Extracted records
__________________________________________________
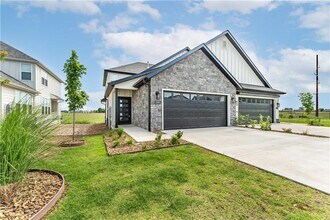 2909 SW Hampshire Ave in Bentonville, AR - Building Photo - Building Photo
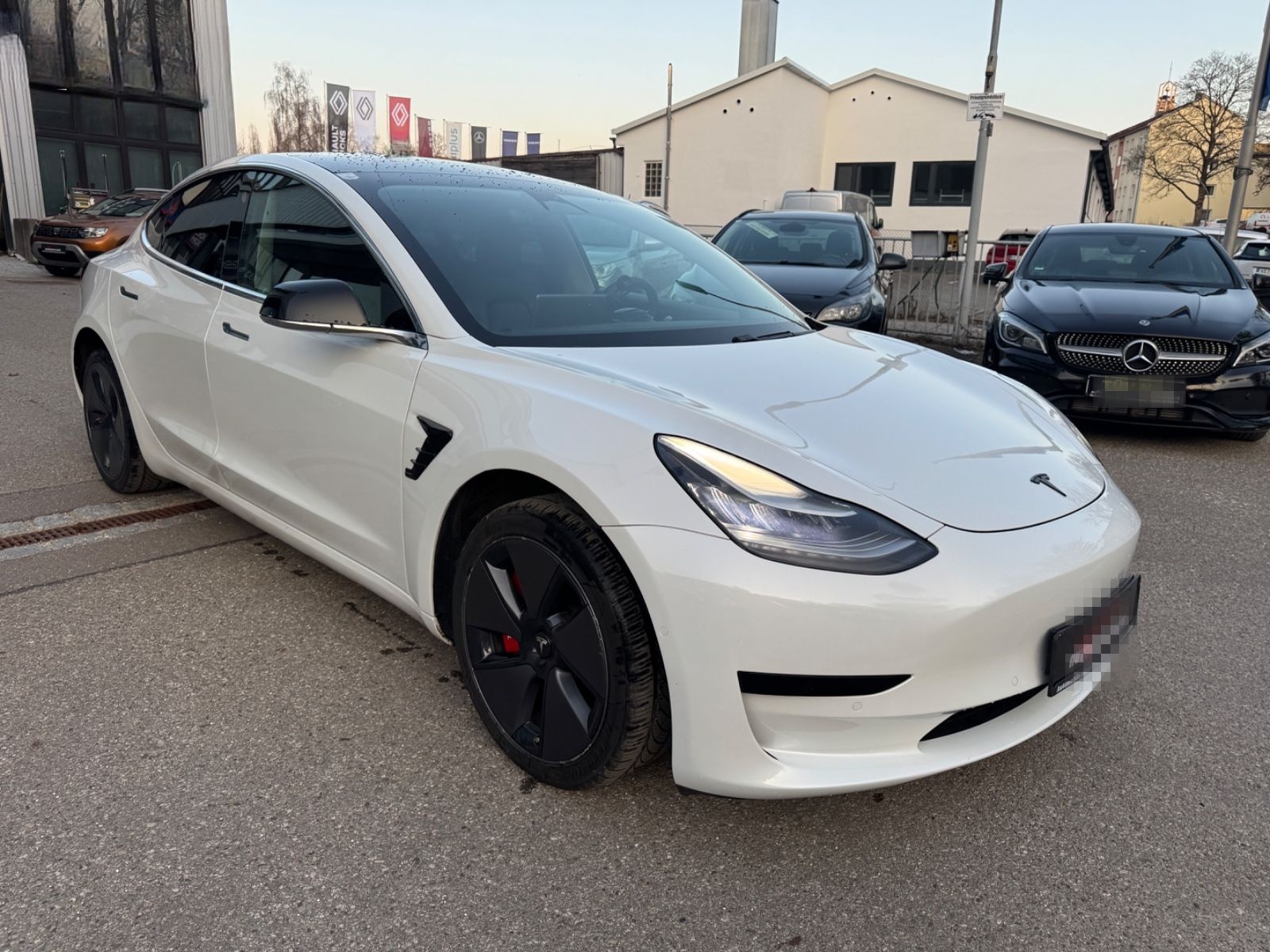Tesla Model 3 Standard Range Plus RWD 1 Hand Tüv neu foto 3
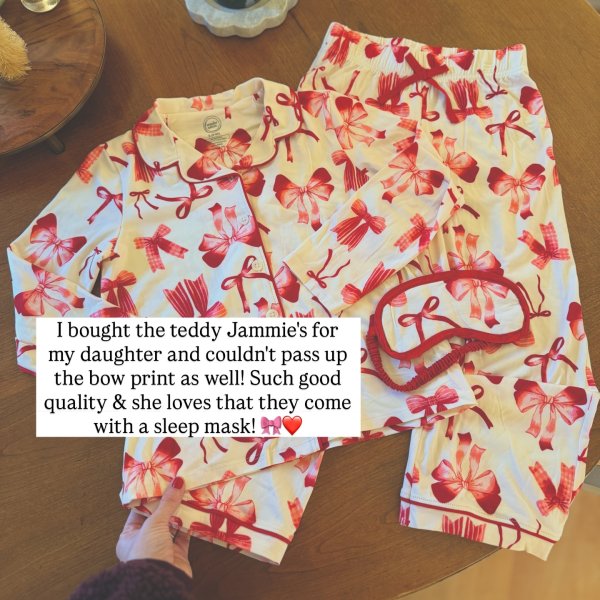 Photo from @cozyalyssa handle, with 1 product.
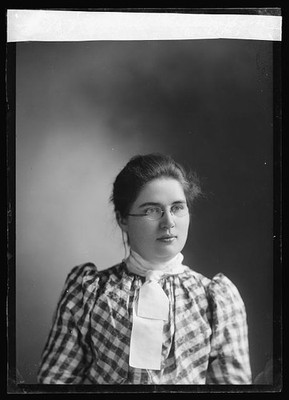 Photo:Mrs. K.H. Thompson Portrait Glasses 1894-1901
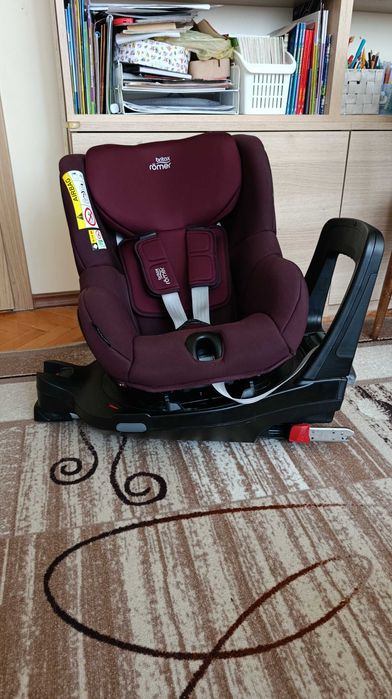 Britax Dualfix - столче за кола - 61-105 см - до 18 кг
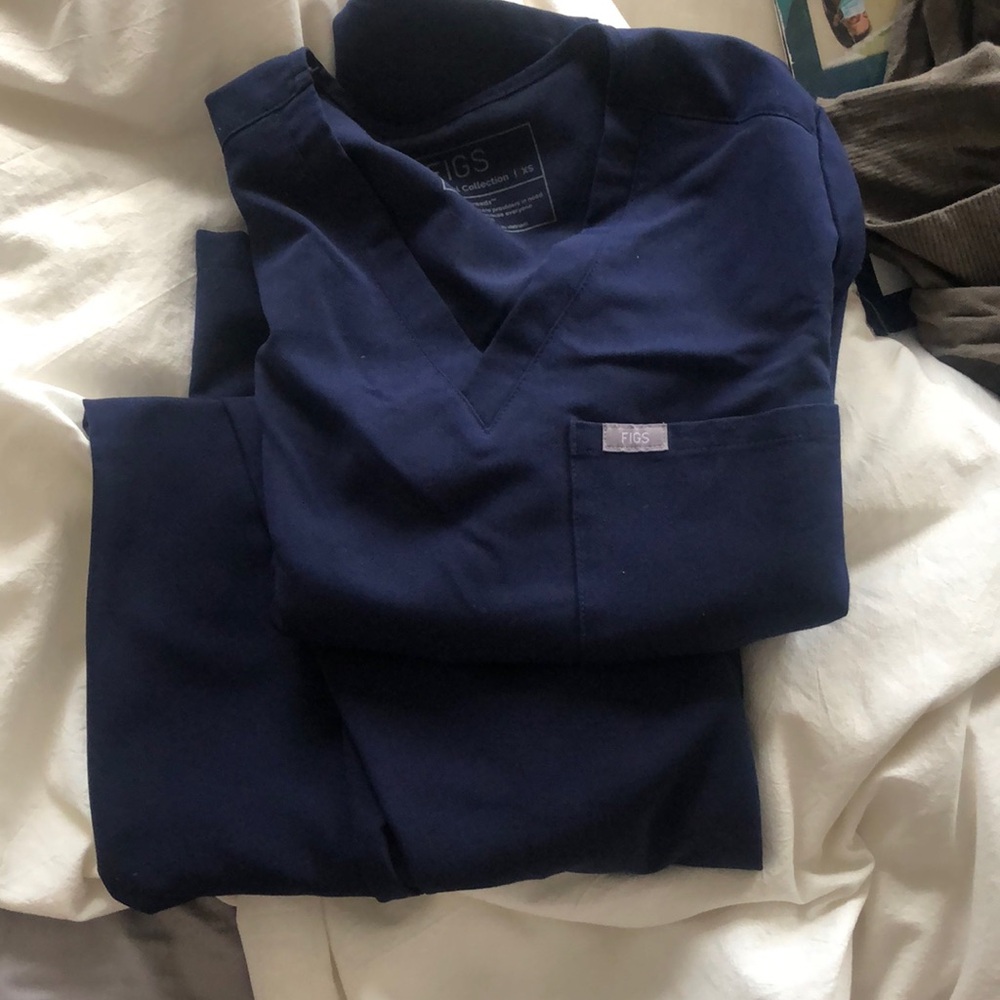 Figs Navy Scrub Set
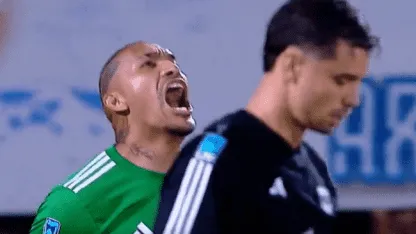 El grosero error de Arce que le permitió empatar a Cuello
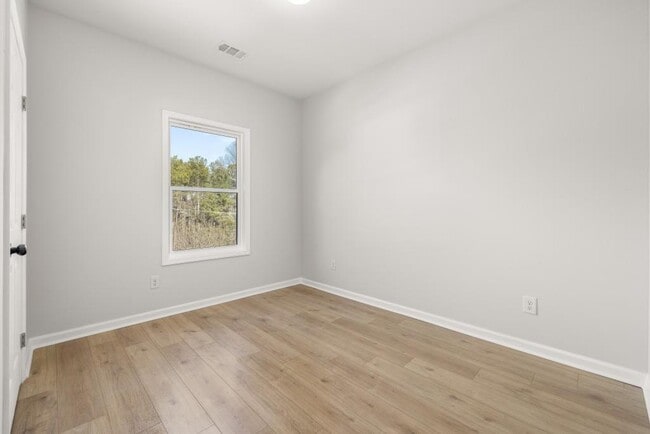 Building Photo - 4420 Ross Estates Ct SW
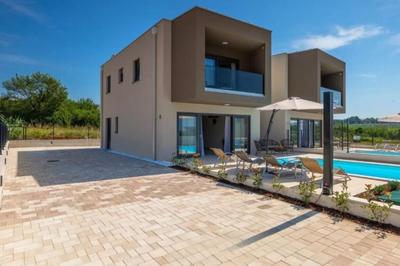 Villa Esmeralda One by Briskva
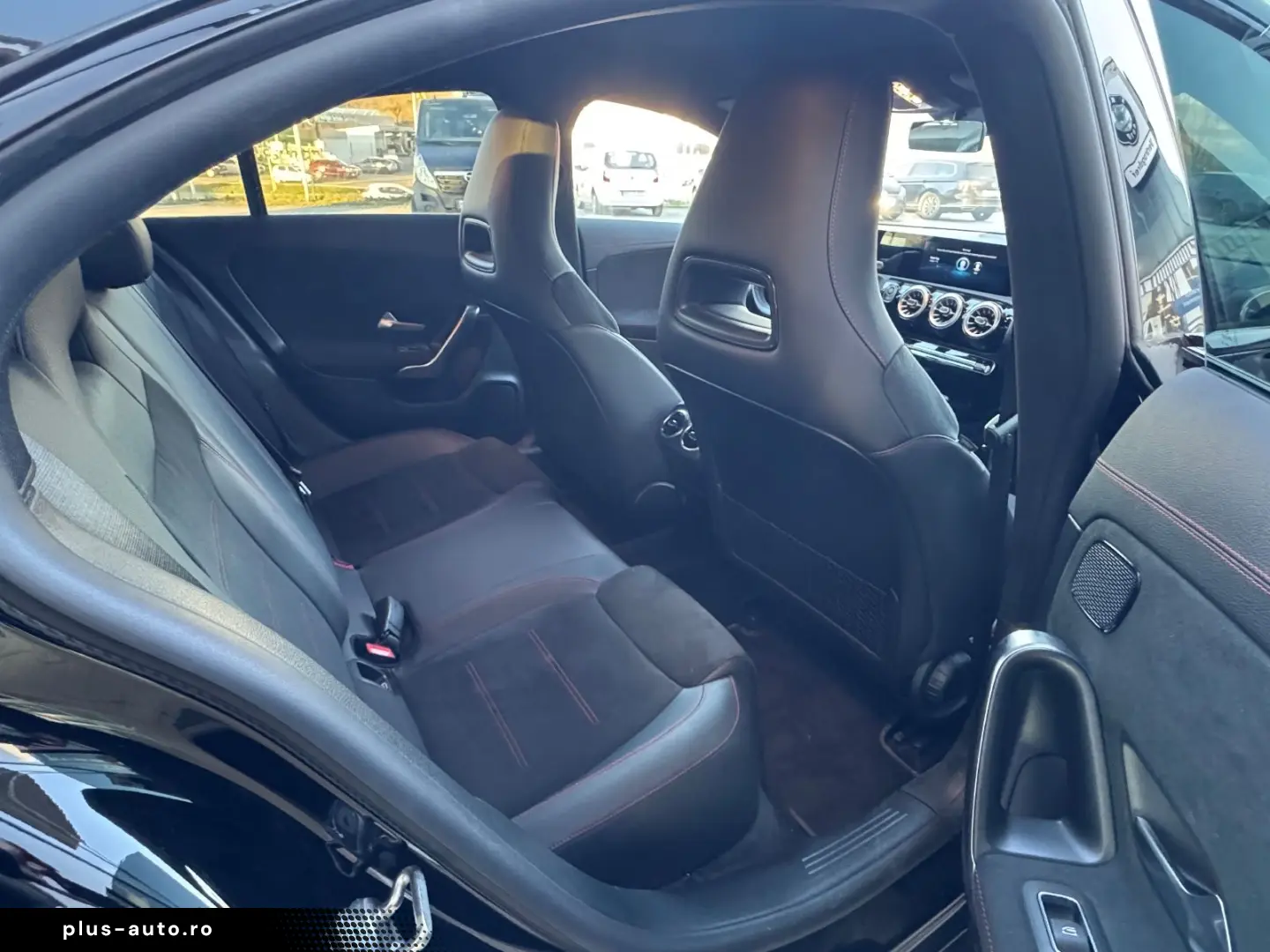 MERCEDES-BENZ CLA 200 AMG-Line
__________________________________________________
-- WHAT YOU ARE ASKED TO DO --
Reproduce the span beginning at the line with "Britax Dualfix - столче" and ending at the last line of the entries above, inclusive, exactly as it stands. Exclude the pictures.

-- ANSWER FOR THIS EXERCISE --
 Britax Dualfix - столче за кола - 61-105 см - до 18 кг
 Figs Navy Scrub Set
 El grosero error de Arce que le permitió empatar a Cuello
 Building Photo - 4420 Ross Estates Ct SW
 Villa Esmeralda One by Briskva
 MERCEDES-BENZ CLA 200 AMG-Line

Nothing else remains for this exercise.